Exercise requirements -> Copy exactly, no pictures: every line from the one that contains "2 Pack Stackable" through the end of the entries below.
╭─ Information shown
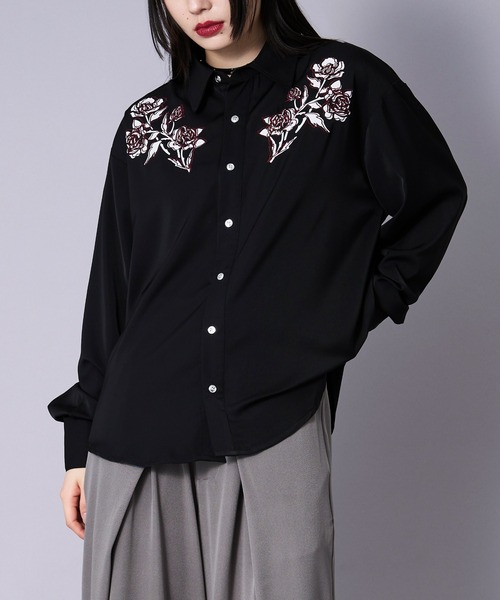 セール】フラワープリント刺繍シャツ（シャツ/ブラウス）｜Ellno Loset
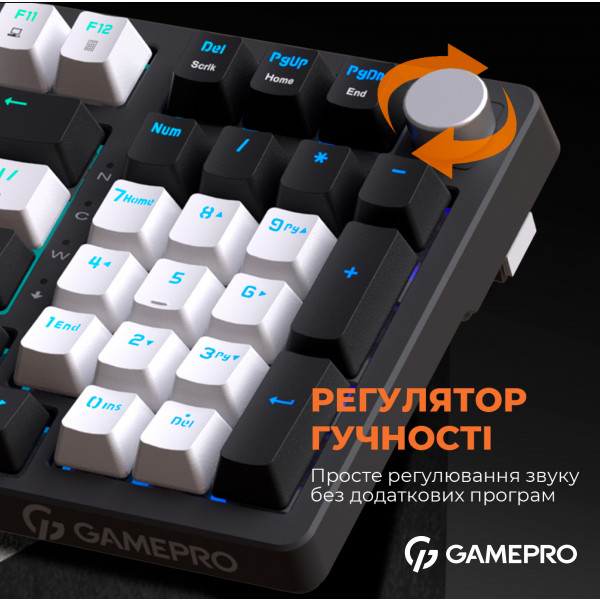 Фото - Клавиатура проводная игровая GamePro MK170B Hot-Swap Red Swich RGB Black (MK170B)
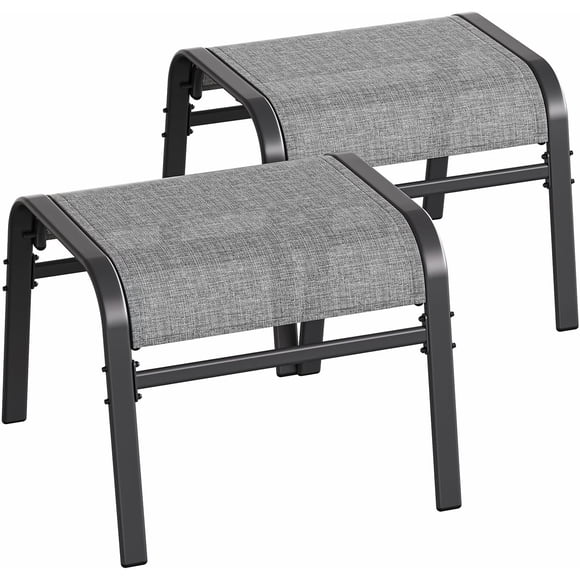 2 Pack Stackable Outdoor Ottomans, Textilene Foot Stool with Metal Frame, Gray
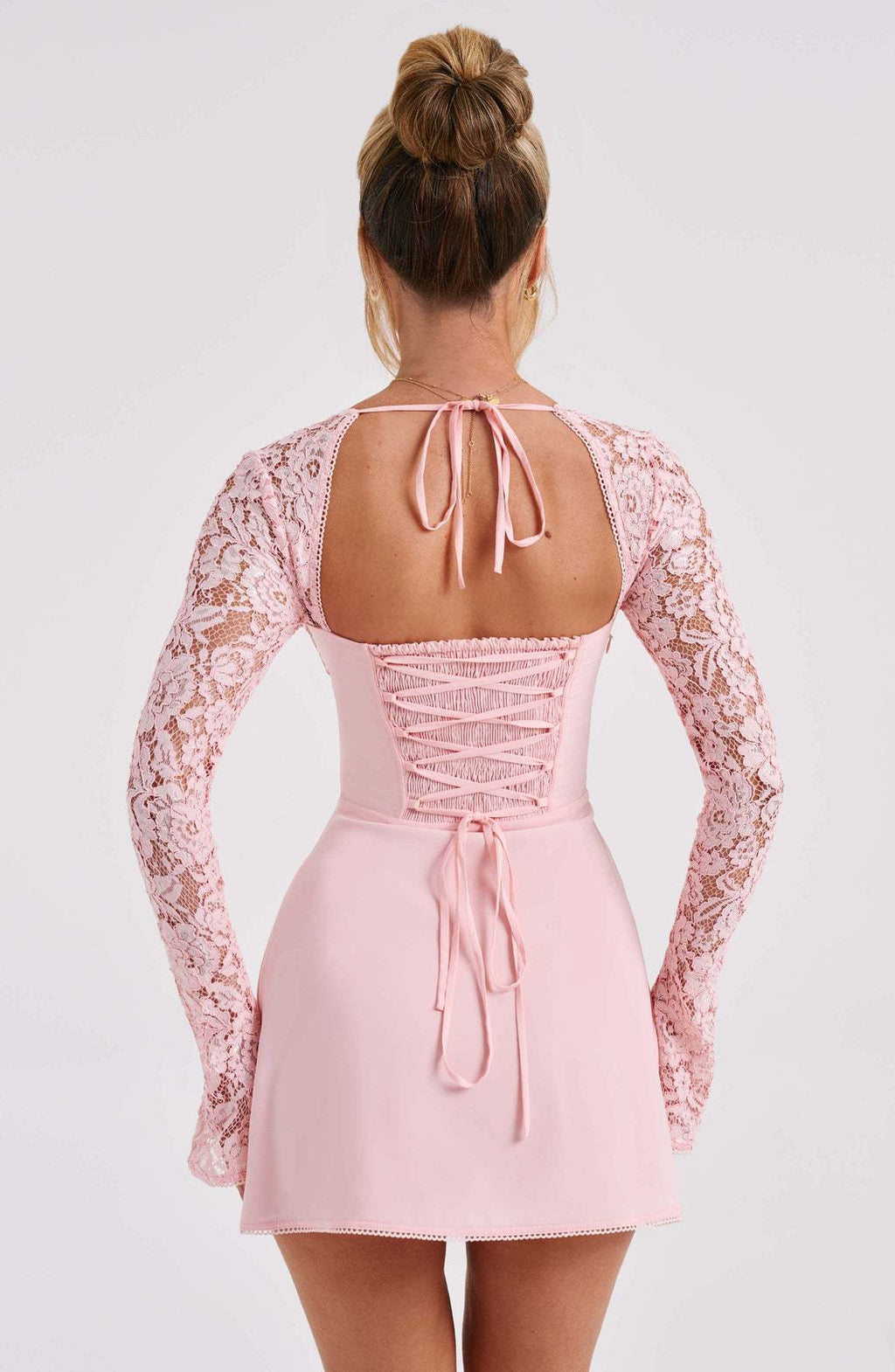 Women's long sleeve lace mini cocktail dress with tie front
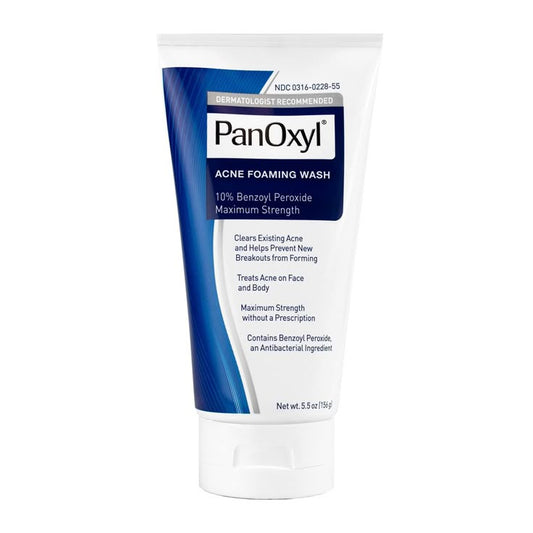 PanOxyl Acne Foaming Wash – 10% Benzoyl Peroxide (Maximum Strength)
╰─
The completed task ->
 2 Pack Stackable Outdoor Ottomans, Textilene Foot Stool with Metal Frame, Gray
 Women's long sleeve lace mini cocktail dress with tie front
 PanOxyl Acne Foaming Wash – 10% Benzoyl Peroxide (Maximum Strength)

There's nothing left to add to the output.